Justo antes de que sus labios se rozaran, Mitchel se apartó y le dijo al oído: «Deséanos una vida feliz».
Una risita grave y resonante emanó del fondo de su garganta.
El rostro de Raegan enrojeció de vergüenza. Mitchel debía de querer burlarse de ella. Efectivamente, había aprovechado todas las oportunidades para burlarse de ella.
Sintiéndose avergonzada e irritada a la vez, Raegan abrió rápidamente la puerta del coche. Sin decir una palabra y sin mirarle siquiera, salió rápidamente del coche y se marchó.
En la sala del hospital.
La intensa mirada de Jarrod se clavó en el pálido rostro de Nicole. La observaba sin pestañear, absorto en sus pensamientos.
Si Nicole pudiera verle ahora, se burlaría de él por fingir una profunda emoción.

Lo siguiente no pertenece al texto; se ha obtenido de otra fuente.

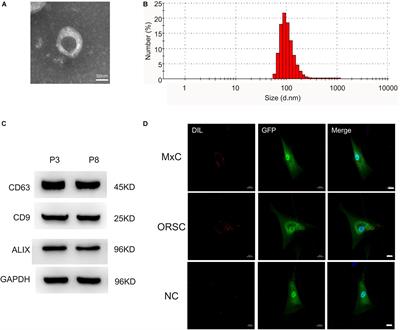 miR-140-5p in Small Extracellular Vesicles From Human Papilla Cells Stimulates Hair Growth by Promoting Proliferation of Outer Root Sheath and Hair Matrix Cells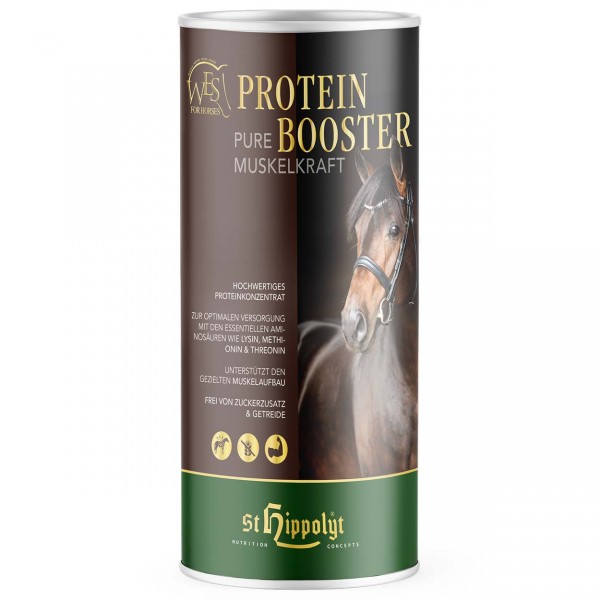 WES Protein Booster 750g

Pero sólo en esos momentos de tranquilidad, con Nicole dormida, Jarrod bajaba la guardia y mostraba sus verdaderos sentimientos.
De repente, su teléfono zumbó, rompiendo el silencio.
Al salir al pasillo para contestar, Jarrod se enteró por Alec de que dos mujeres que habían hecho daño a Nicole habían sido puestas en libertad bajo fianza por sus familias.
Las dos mujeres eran gente de Howe.
Peor aún, Howe había intervenido para detener cualquier investigación contra esas dos mujeres.
Como Howe era hermano de Jamie, Alec pidió instrucciones a Jarrod sobre si debían seguir investigando.
Los ojos de Jarrod se volvieron fríos.
«Sigan investigando», ordenó.
Terminó la llamada. Habían pasado menos de treinta minutos desde que abandonó la sala de Nicole.
En ese momento, Jamie vio a Jarrod y se acercó corriendo, con lágrimas en los ojos.
«¡Jarrod, cómo has podido avergonzar a mi hermano por esa zorra!».
«¡Jamie!» La voz de Jarrod sonó, baja y gélida, desprovista de cualquier atisbo de sonrisa.